The story was first reported on Medianama.
Taggle.com was set up as a group buying site, and raised funds from Battery Ventures and Greylock Partners in June 2010. It took a year to start selling online. In fact, Taggle was one of the earliest group buying start-ups in India, founded by John Kuruvilla who was the chief revenue officer of Air Deccan and executive vice-president at Oberoi Hotels.
In mid-2011, Taggle changed its business model from group buying to generic e-commerce and put up a separate page called Taggle Plus that featured various service deals related to spas, restaurants and the like while the main site offered products. On Techcircle.in, we have spelt out the reason behind the shift and the increase in product focus. In August this year, Kuruvilla turned into an advisor and made Rutvik Doshi (earlier the chief product officer) the new CEO.
There is a score of daily deal aggregators in India, led by Snapdeal.com, Mydala.com, Koovs.com and Groupon India (Crazeal.com). Also, Bangalore-based Flightraja Travels Pvt Ltd (Via) has recently launched a deals sub-site called Via Deals More. Rediff offers Deal Ho Jaye while Times Internet (Indiatimes) has set up Timesdeal.com. Then there is Buzzintown.com, Dailydeal.in, Dealivore.com, Khojguru.com, Thekha.com, Scoopstr.com, 24Hoursloot.com, Masthideals.com, Snatchdeals.com, Lootmore.com, 30Sunday.com and Bindasbargain.com, among others.
What Taggle Tells The World
The Taggle site now tells the world at large why it has decided to shut shop:
We have decided to cease our e-commerce operations effective immediately. We will not be taking any more orders from our users.
We started Taggle in June 2010 with US$1M in funding to build a sustainable and profitable business by getting the best service and product deals for our users. We have always believed in providing superior experience and value to our users. When we realized that service deals were not giving the best value to users, we quickly shifted focus to only products. Our users responded very positively to the shift and it reflected in our revenue numbers too, we grew our revenues 10 times within 3 months of the shift.

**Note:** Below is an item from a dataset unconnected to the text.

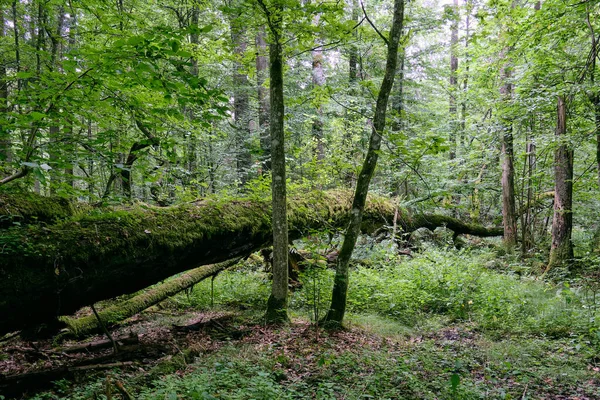 여름에는 그루가 부러져 옆으로 낙엽성인 폴란드 비알로 비에자 — 스톡 사진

However, the current market conditions have many e-commerce players selling products at below-cost price to lure users. The only way to sustain the business at this time is to get into a price war and burn a lot of investor money and try to outdo competition in a Last Man Standing game. This practice goes against our philosophy of building a sustainable and profitable company. Hence, we’ve decided to go back to the drawing board to figure out the best way forward.